The point: a wandb run is most useful when every knob that varies across runs is captured in wandb.config so the run table can sort / filter / colour by it. Writing that dict by hand for each experiment is boring; this module introspects the common deepSTRF audio-encoding shape and pulls out the obvious fields.

See docs/_source/md/fitter.md §4.3.

deepSTRF.training.config.auto_config(model: Module, fitter_kwargs: Mapping[str, Any] | None = None, dataset_name: str | None = None, extra: Mapping[str, Any] | None = None) → dict[source]

Build a JSON-friendly config dict from a deepSTRF model + fitter_kwargs.

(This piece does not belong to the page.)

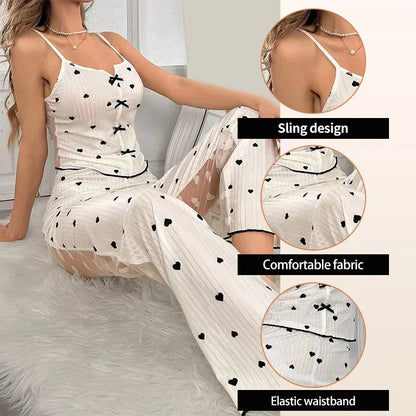 2-Piece Women’s Sexy Mesh Lace Pajama Set – Transparent Ribbed Strap Top & Pants Lounge Sleepwear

Pulled fields, when present:

model : class name of model
dataset : dataset_name if given
n_frequency_bands : model.F
temporal_window_size: model.T
out_neurons : model.O
prefiltering : class name of model.prefiltering
core : class name of model.core
readout : class name of model.readout
readout.kernel : class name of model.readout.kernel (if present)
readout.activation : class name of model.readout.activation (if present)
output_activation : class name of model.output_activation (if present)
Every JSON-friendly fitter_kwargs entry; non-friendly values are stored as their repr() truncated to 60 chars.
Every key/value in extra, overwriting any of the above.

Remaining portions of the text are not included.